# EXERCISE DESCRIPTION:
This exercise asks for the entries to be repeated exactly, without their images.

# ENTRIES SHOWN:
Start of Block

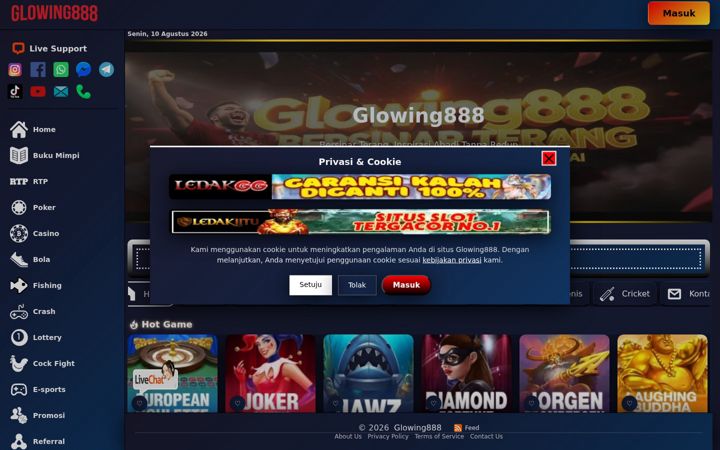 Screenshot of glowing888.org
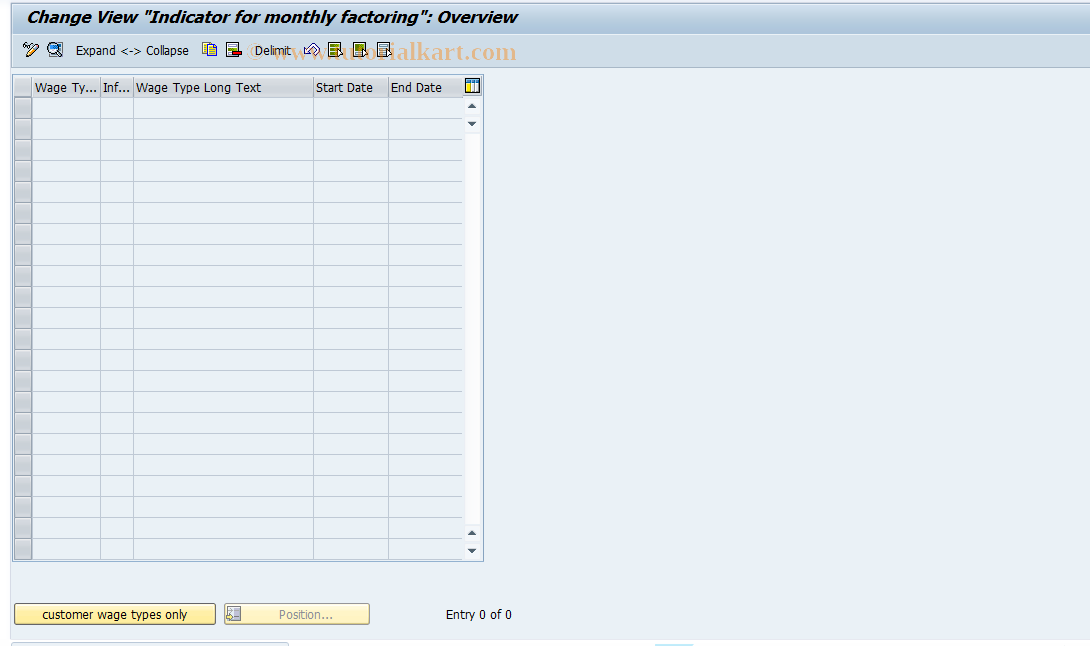 SAP TCode S_AHR_61005864 - IMG-Aktivität: OHALKF002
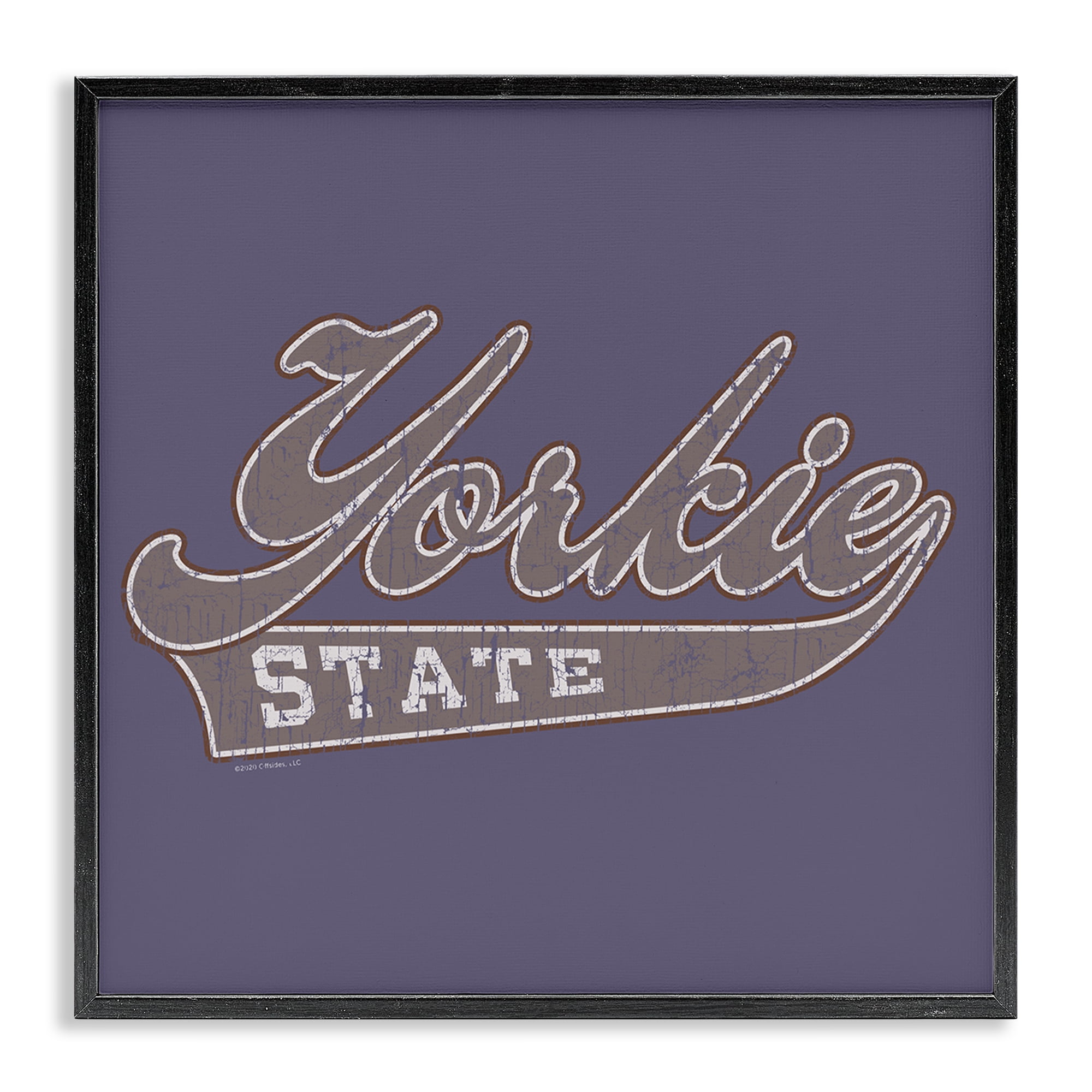 Stupell Industries Vintage College Yorkie State Novelty & Humor Painting Black Framed Art Print Wall Art, 17 x 17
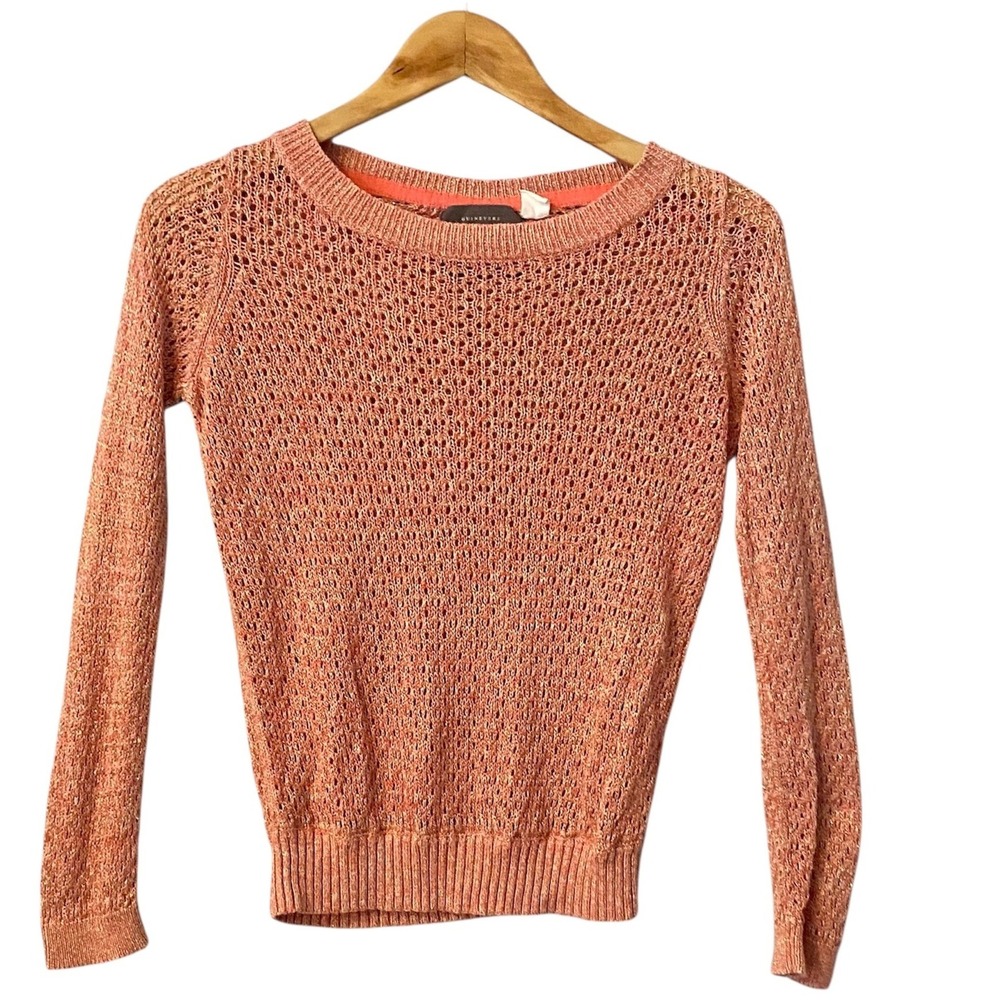 Guinevere Anthropologie Coral Metallic Hemp Blend Open Knit Sweater Size ‎ Small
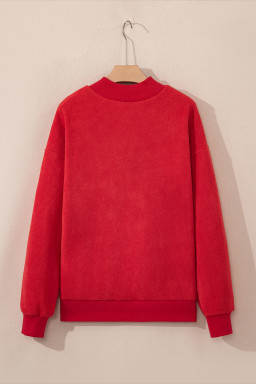 Racing Red Oversize Drop Shoulder Reversible Mock Neck Sweatshirt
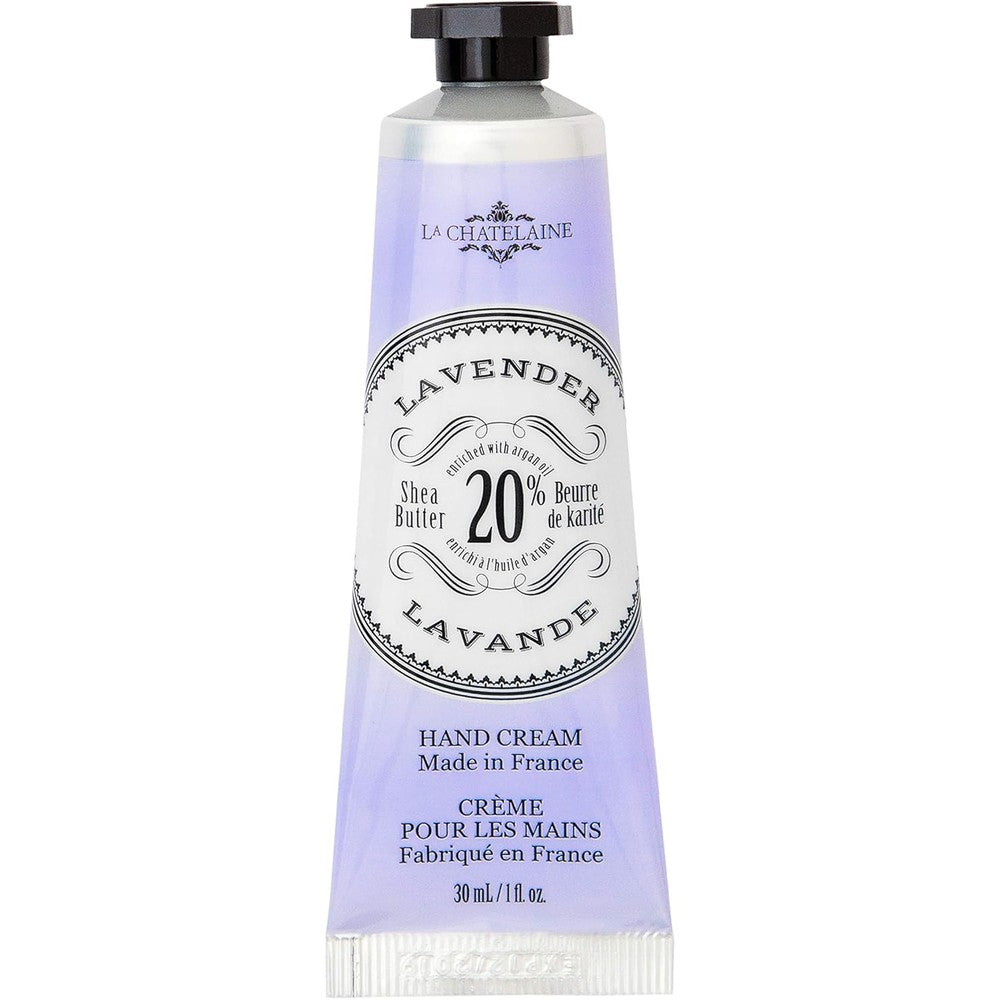La Chatelaine Lavender Hand Cream front view of the one ounce travel tube displaying product branding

End of Block

# EXERCISE ANSWER:
 Screenshot of glowing888.org
 SAP TCode S_AHR_61005864 - IMG-Aktivität: OHALKF002
 Stupell Industries Vintage College Yorkie State Novelty & Humor Painting Black Framed Art Print Wall Art, 17 x 17
 Guinevere Anthropologie Coral Metallic Hemp Blend Open Knit Sweater Size ‎ Small
 Racing Red Oversize Drop Shoulder Reversible Mock Neck Sweatshirt
La Chatelaine Lavender Hand Cream front view of the one ounce travel tube displaying product branding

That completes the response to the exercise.